Around 10 O’clock at night, this 29 years old mother of two along with a woman from
her neighborhood reached Lakhabi district hospital after 12 hours of struggle at home for
normal vaginal delivery. It is not known why she made such a long delay although the
attending woman reportedly was experienced in child birth process and techniques. She
was fortunate to find doctor and nurse to attend her. On examining Julekha, nurse
observed the position of the baby was in “breach presentation”. This was clearly an
obstretrics emergency requiring specialize service of a qualified obstetrician. The
midwife then called up the Gynecologist on call to attend Julekha. The gynecologist
declined to attend Julekhas delivery on the ground it was quite late at night. Upon hearing
the refusal from expert gyanecologist the midwife could not make out about what to do
and took quite sometime to approach doctor on duty for a decision about what to do with
the case. The nurse did not provide doctor the information that the lady was having a
breech presentation. The doctor then suggested Julekha to do a quick ultrasonogram to
help him making a diagnosis. Julekha then had to wait for a further assessment requiring
time which she was unable to afford. Unfortunate Julekha got to ultrasonogram room
however, was unable to find little gel required for doing her ultrasonogram. The day time
doctor was the last person to use the gel, it was his duty to check and make sure if every
single necessary supplies are in place, if all other stocks are replenished. It was evident
the doctor did not replenish the necessary stocks neither did he inform any body else who
came for duty after him. The team on duty then had no option but to send Julekha to a
provincial hospital. This time attendant of Julekha declined to follow her.
This time a very common scenario came into being. While Julekha was amidst struggle
of life and death, one of the attending cleaners in the hospital showed up to take the
patient to the cleaner’s house claiming he/she had long experience as a birth attendant.
All attempts for next 2-3 hours at the cleaner’s house ended up in vain with the patient’s
condition persistently deteriorating.
Finally at that point, the patient’s attendant agreed to take her to provincial hospital and
by the time they reached, it was already quite late at night and gynecologist had left
assuming there might be no emergencies. The attending doctor, having no other
alternatives, opted to keep the patient under observation with Intravenous Fluid
supplement until the gynecologist will come and take over next morning. The doctor
established the intravenous channel and left the patient with her extremely exhausted and
tired attendant next to her falling asleep in minutes. The deadliest part of the entire
scenario began when the attendant was awakened by deep, shallow breathing of the
patient accompanied by abnormal noises.
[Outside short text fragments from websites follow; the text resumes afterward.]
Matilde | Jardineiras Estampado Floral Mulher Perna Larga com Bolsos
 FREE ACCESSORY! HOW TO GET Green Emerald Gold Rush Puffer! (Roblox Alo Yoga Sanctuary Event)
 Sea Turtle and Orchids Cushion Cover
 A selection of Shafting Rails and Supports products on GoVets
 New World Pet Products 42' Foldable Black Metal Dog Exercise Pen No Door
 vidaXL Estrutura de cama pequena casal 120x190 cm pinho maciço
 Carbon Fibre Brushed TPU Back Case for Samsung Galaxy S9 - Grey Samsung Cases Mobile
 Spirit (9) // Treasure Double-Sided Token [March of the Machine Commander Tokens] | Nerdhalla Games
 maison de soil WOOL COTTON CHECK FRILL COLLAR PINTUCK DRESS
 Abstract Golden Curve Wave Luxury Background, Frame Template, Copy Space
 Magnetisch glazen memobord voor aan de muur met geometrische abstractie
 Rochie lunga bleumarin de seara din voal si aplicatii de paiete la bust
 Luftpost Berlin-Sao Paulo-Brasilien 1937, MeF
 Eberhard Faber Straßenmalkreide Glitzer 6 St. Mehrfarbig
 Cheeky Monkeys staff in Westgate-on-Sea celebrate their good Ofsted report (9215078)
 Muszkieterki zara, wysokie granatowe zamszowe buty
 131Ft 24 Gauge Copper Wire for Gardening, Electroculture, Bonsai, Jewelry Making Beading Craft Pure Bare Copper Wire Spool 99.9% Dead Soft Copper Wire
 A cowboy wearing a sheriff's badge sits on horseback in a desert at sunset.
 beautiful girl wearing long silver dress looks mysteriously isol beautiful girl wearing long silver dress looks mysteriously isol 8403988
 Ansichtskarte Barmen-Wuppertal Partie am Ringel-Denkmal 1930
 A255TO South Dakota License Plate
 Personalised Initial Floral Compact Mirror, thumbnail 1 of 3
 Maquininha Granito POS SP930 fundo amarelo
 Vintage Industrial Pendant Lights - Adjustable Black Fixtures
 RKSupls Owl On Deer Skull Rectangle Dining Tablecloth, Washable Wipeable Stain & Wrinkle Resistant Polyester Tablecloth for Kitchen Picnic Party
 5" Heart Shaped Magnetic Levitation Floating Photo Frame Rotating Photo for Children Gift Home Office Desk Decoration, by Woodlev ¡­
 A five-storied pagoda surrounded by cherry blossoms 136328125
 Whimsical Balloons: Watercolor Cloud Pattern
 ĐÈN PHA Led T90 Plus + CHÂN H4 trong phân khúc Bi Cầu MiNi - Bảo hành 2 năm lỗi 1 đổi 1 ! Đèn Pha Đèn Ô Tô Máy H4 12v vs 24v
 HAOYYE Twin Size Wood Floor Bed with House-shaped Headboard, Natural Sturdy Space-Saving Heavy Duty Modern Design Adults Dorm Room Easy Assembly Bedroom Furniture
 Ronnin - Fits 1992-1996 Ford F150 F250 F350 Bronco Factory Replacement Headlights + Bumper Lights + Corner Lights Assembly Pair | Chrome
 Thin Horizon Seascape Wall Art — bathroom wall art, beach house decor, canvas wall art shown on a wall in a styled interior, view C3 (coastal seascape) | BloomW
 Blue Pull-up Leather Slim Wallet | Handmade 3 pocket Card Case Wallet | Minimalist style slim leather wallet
The attendant ran to find a doctor to help
Julekha. The doctor too rushed in and tried all he could do to restore vital signs of
Julekha’s life. Julekha could not any more bear the burden of life.
The sun rose to announce another morning, the gynecologist began another day at
hospital; the ultrasound gel was replenished but was of no use or hope to Julekha. The
would be new member within Julekha was unable to see a new sun for ever for which she
was grown for last 10 months with flesh and blood taken from Julekha.

Questions for Discussions

1. What are the problems you identify in the above case for hospital management and
also for individual?
2. Which of the problems are resulted due to lack of applying management principle?
How a breach in the logistics chain affects the whole scenario?
3. What are the possible steps you may take to prevent such and similar things happen in
your hospital?
4. Could there have been some empathetic initiative to save the life of Julekha?